There's always hope!! You simply have to be JUST as patient with doing things the right way as you were with the quick fixes.
We've trained ourselves to have much more faith in doing whatever it takes when the process is quick. Yet our faith wavers when doing the right thing takes “too long.” It really becomes about not looking for the same measures of success that you have in the past, and not putting yourself on those same timetables. Something is always happening, but the amount of patience that we have, and stress that we put ourselves through will come into play. I tell clients that taking on fat loss in the right way – after years of doing it the wrong way – is like going to college. Every time you doubt the process and change something up (unnecessarily) it's like changing your major mid semester — you add more time to your journey. More time is lost in this process due to the wavering of trust, than to the actual length of time it may have taken with a tad consistency. Add stress/cortisol to the mix, and it's like taking a full semester (or two…or three) off. Stressing about your journey, and changing things up constantly to make things happen more quickly, usually hurts more than it helps. It never makes them actually happen more quickly (you either stand still or head backwards). Stay the course. Again – it's tough, but the alternative is worse.
Some clients feel hopeless because they have limitations that keep them from being able to lift heavy enough. We are not talking mindset limitations, like “I'm too old/young/fat/skinny, etc…” Those would be considered excuses, not limitations. But others of us may have actual physical limitations, or injuries (permanent or temporary) and doctors orders to not do certain movements. If this is you, you have to work with what you have. Not everyone can lift heavy. Heck, I (Kiki) couldn't for the past year, due to injury. If the situation is temporary, then keep your protein in check, allow yourself to fully heal, and get back to it when you can. All you can do is the best you can do. Don't put yourself at risk by taking on more than you can, and don't put your metabolism at risk by eating less than you need. The healing process is worth it in the end. You'll be able to lift soon enough (although I personally know how hard it is to wait).
If the situation is permanent, then much of the above still applies. Finding ways to add resistance that works for you will be your key. Just find ways of putting as much resistance on the muscle as you can to maintain what you do have. Feel free to contact us if you need help, putting together a personalized plan for your circumstances.
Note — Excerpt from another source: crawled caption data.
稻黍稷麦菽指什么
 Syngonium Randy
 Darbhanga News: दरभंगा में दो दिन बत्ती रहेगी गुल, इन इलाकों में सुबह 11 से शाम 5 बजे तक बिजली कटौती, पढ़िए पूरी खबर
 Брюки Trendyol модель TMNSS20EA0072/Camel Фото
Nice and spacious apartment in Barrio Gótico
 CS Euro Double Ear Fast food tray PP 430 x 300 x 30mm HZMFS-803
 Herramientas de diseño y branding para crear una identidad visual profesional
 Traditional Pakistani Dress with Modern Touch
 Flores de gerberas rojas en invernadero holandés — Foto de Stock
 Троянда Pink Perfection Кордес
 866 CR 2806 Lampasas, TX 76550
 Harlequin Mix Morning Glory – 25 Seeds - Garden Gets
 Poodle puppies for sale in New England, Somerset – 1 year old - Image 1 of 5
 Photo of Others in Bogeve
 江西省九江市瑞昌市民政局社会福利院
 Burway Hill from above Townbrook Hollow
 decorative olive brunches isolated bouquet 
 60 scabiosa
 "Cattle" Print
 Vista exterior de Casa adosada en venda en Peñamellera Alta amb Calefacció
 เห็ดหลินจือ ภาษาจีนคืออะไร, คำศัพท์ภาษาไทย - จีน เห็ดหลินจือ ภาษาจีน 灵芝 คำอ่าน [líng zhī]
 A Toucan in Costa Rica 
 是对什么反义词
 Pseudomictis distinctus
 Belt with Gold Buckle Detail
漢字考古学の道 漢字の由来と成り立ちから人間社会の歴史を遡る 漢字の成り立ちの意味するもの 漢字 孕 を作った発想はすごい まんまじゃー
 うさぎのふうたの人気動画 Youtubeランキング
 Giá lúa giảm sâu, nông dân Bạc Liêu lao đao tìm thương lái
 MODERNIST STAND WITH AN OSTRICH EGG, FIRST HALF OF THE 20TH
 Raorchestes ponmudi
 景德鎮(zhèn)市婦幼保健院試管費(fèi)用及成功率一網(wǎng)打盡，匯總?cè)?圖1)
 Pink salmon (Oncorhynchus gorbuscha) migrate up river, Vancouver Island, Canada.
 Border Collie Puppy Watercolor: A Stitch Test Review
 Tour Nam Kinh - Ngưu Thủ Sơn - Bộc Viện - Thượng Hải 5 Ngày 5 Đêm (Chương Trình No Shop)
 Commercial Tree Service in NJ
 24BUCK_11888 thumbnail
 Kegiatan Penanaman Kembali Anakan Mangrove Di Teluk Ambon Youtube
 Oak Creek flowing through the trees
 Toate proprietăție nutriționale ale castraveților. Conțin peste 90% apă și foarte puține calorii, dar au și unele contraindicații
Sometimes it's really hard to see changes in ourselves that are so obvious to others. My husband, family and friends always see changes in me before I “allow” myself to. My first instinct is to deny that anything is happening until he says it about three to four times…or until someone else says it. Remind yourself to take compliments at face value. Most people have nothing to gain by telling you that “you look amazing” or “like you've lost tons of weight.” Instead of saying “no I haven't” followed by some negative retort (because of your own inner scale struggle), train your mind to just accept that they likely see something that you haven't allowed yourself to see yet. Take a few moments to allow the compliment to sink in — and remind yourself of it every time you cross paths with a mirror, until the next compliment rolls in (or you find a new one to give yourself).
Learn to see yourself as (or better than!) others do, rather than constantly being your own worst critic.